Find the line containing "Picture 2 of 4" in the entries below. Restate it and each line after it, word for word, up to and including the line containing "Used 2015 Chevrolet Impala LT image 12".

Short descriptive text snippets
▶

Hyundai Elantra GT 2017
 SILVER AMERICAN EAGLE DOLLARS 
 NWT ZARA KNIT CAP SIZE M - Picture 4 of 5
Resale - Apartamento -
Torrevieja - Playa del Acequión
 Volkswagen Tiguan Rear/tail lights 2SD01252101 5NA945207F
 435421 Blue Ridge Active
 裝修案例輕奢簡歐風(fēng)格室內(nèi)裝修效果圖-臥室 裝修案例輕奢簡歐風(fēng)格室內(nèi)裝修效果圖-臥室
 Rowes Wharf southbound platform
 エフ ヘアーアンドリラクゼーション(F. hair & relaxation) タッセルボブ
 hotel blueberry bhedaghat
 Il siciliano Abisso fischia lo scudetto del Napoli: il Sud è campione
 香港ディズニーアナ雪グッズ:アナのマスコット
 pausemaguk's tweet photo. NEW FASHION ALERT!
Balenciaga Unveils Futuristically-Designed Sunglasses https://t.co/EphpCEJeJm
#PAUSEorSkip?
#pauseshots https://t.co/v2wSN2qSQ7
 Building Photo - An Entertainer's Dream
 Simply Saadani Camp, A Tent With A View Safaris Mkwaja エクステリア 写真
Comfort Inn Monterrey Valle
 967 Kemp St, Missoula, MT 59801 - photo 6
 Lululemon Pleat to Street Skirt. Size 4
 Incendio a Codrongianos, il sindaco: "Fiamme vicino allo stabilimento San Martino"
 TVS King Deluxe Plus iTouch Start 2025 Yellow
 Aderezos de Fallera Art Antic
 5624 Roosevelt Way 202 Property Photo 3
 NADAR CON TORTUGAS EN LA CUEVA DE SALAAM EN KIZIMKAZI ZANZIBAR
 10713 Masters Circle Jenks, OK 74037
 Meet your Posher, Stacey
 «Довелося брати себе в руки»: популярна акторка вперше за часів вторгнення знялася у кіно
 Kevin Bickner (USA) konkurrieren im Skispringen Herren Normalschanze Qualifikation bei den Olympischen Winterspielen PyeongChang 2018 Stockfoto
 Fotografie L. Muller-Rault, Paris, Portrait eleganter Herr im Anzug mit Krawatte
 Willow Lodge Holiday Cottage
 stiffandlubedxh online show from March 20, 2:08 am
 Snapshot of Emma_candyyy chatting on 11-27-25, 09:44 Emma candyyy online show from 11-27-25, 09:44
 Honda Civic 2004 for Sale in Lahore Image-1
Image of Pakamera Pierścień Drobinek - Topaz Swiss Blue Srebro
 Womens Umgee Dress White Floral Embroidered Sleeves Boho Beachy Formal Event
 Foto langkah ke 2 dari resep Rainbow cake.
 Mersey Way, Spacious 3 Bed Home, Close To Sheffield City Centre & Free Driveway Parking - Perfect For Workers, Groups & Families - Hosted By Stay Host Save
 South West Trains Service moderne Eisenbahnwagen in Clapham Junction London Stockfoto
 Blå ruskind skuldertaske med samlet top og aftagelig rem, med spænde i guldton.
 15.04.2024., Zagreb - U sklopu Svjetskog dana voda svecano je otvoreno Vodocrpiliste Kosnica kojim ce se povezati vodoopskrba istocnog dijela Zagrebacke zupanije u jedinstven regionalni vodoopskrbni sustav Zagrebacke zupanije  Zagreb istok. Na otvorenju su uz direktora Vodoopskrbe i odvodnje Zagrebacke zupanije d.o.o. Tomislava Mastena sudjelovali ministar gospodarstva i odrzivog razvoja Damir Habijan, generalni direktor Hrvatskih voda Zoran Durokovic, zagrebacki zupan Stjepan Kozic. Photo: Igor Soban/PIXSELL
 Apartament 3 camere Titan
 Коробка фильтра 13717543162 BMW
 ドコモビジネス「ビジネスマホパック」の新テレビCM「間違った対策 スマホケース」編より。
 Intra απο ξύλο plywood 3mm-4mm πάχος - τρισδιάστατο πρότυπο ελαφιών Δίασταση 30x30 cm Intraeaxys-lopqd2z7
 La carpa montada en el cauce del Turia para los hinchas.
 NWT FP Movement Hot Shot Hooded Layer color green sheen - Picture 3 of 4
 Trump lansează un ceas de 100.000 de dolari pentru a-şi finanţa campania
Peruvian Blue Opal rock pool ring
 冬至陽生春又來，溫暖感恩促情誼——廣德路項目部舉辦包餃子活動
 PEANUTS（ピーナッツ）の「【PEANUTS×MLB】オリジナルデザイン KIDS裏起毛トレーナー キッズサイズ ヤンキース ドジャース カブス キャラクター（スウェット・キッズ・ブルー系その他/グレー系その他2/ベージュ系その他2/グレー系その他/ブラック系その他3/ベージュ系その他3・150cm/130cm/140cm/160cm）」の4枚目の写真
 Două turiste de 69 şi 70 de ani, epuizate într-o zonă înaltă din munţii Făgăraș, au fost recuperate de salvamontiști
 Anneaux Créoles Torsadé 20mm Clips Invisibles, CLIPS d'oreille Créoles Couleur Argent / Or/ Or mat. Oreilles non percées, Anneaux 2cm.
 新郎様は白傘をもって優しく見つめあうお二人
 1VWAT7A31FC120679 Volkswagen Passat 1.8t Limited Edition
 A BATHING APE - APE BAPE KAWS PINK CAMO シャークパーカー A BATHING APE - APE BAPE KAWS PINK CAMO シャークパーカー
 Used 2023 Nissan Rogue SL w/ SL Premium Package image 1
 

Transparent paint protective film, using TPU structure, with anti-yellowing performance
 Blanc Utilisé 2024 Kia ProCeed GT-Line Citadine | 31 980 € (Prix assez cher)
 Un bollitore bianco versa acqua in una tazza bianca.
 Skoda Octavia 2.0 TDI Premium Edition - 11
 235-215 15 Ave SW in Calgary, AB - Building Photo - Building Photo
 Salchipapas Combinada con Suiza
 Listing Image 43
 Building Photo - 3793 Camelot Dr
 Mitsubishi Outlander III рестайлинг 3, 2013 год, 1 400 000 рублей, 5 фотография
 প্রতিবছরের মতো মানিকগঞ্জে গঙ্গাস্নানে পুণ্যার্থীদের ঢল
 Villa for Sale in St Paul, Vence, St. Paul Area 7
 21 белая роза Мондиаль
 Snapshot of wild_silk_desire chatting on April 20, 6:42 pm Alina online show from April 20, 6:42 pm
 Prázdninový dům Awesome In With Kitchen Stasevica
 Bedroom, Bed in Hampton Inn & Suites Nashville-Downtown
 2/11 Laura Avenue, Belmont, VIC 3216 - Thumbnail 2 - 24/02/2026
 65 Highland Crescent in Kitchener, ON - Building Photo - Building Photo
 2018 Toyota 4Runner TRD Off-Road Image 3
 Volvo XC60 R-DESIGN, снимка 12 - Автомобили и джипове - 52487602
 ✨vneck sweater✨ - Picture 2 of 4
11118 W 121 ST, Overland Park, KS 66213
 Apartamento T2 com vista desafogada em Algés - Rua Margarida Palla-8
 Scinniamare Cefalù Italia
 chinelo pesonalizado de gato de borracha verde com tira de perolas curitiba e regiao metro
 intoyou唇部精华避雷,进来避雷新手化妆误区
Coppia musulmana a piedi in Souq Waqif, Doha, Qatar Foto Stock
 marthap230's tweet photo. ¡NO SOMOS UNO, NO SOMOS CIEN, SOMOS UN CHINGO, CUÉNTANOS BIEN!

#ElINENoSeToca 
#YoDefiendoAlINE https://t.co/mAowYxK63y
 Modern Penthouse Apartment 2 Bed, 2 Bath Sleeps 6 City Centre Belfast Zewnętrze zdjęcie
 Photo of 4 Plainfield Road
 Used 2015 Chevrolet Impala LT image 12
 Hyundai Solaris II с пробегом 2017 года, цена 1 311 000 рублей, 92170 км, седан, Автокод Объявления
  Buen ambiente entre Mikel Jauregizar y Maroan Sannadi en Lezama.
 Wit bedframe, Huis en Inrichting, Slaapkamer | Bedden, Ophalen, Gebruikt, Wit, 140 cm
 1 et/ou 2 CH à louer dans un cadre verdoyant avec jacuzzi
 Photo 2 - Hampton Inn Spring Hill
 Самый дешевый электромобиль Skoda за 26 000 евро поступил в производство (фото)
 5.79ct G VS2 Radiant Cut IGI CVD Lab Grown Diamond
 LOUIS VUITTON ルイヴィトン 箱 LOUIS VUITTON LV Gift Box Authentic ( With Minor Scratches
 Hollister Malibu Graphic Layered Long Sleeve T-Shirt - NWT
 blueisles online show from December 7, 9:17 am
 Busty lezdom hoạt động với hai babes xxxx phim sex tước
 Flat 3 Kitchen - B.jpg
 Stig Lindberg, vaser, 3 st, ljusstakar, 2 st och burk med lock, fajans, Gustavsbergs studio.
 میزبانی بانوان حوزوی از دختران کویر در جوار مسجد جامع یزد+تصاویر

◀

## TASK RESPONSE
 ✨vneck sweater✨ - Picture 2 of 4
11118 W 121 ST, Overland Park, KS 66213
 Apartamento T2 com vista desafogada em Algés - Rua Margarida Palla-8
 Scinniamare Cefalù Italia
 chinelo pesonalizado de gato de borracha verde com tira de perolas curitiba e regiao metro
 intoyou唇部精华避雷,进来避雷新手化妆误区
Coppia musulmana a piedi in Souq Waqif, Doha, Qatar Foto Stock
 marthap230's tweet photo. ¡NO SOMOS UNO, NO SOMOS CIEN, SOMOS UN CHINGO, CUÉNTANOS BIEN!

#ElINENoSeToca 
#YoDefiendoAlINE https://t.co/mAowYxK63y
 Modern Penthouse Apartment 2 Bed, 2 Bath Sleeps 6 City Centre Belfast Zewnętrze zdjęcie
 Photo of 4 Plainfield Road
 Used 2015 Chevrolet Impala LT image 12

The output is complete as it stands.